EX-24 2 poagavant.htm
LIMITED POWER OF ATTORNEY -- SECTION 16 REPORTING OBLIGATIONS
On this 29th day of July, 2016, the undersigned hereby constitutes and appoints T. Gaylon Layfield, III, Thomas W. Osgood and Ronald E. Davis, and any other duly appointed executive officer of Xenith Bankshares, Inc. (the "Company") with full power of substitution, as the undersigned's true and lawful authorized representative and attorney-in-fact to:
i.
execute for and on behalf of the undersigned, in the undersigned's capacity as an officer or director or both of the Company, Forms 3, 4 and 5 (and any amendments thereto) in accordance with Section 16(a) of the Securities Exchange Act of 1934, as amended (the "Exchange Act"), and the rules thereunder;
ii.
do and perform any and all acts for and on behalf of the undersigned which may be necessary or desirable to complete and execute any such report on Form 3, Form 4 or Form 5, complete and execute any amendment or amendments thereto, and timely file such form with the U.S. Securities and Exchange Commission (the "SEC") and any securities exchange or similar authority; and
iii.
take any other action of any type whatsoever in connection with the foregoing which, in the opinion of such attorney-in-fact, may be of benefit to, in the best interest of, or legally required by, the undersigned, it being understood that the documents executed by such attorney-in-fact on behalf of the undersigned pursuant to this Limited Power of Attorney shall be in such form and shall contain such information and disclosure as such attorney-in-fact may approve in such attorney-in-fact's discretion.

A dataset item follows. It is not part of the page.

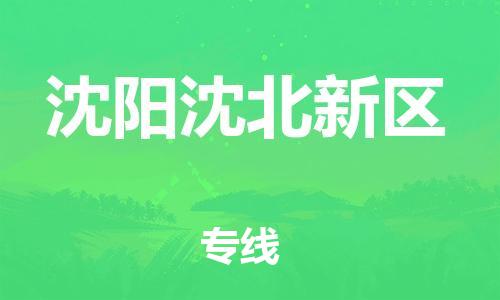泉州到沈阳沈北新区危险品物流公司-泉州到沈阳沈北新区化工涂料树脂货运专线-品牌专线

The undersigned hereby grants to each such attorney-in-fact full power and authority to do and perform any and every act and thing whatsoever required, necessary or proper to be done in the exercise of any of the rights and powers herein granted, as fully to all intents and purposes as the undersigned might or could do if personally present, with full power of substitution or revocation, hereby ratifying and confirming all that such attorney-in-fact, or such attorney-in-fact's substitute, shall lawfully do or cause to be done by virtue of this Limited Power of Attorney and the rights and powers herein granted.

The undersigned acknowledges that the foregoing attorneys-in-fact, in serving in such capacity at the request of the undersigned, is not assuming, nor is the Company assuming, any of the undersigned's responsibilities to comply with, or any liability that may arise under, any provision of Section 16 of the Exchange Act.  Additionally, the undersigned shall remain responsible for the accuracy of all information provided to the Company in connection with the filing of reports pursuant to Section 16 of the Exchange Act.

The undersigned agrees that each such attorney-in-fact herein may rely entirely on information furnished orally or in writing by the undersigned to such attorney-in-fact.  The undersigned also agrees to indemnify and hold harmless the Company and each such attorney-in-fact against any losses, claims, damages or liabilities (or actions in these respects) that arise out of or are based upon any untrue statement or omission of necessary fact in the information provided by the undersigned to such attorney-in-fact for purposes of executing, acknowledging, delivering or filing Forms 3, 4 or 5 (including amendments thereto) and agrees to reimburse the Company and such attorney-in-fact for any legal or other expenses reasonably incurred in connection with investigating or defending against any such loss, claim, damage, liability or action.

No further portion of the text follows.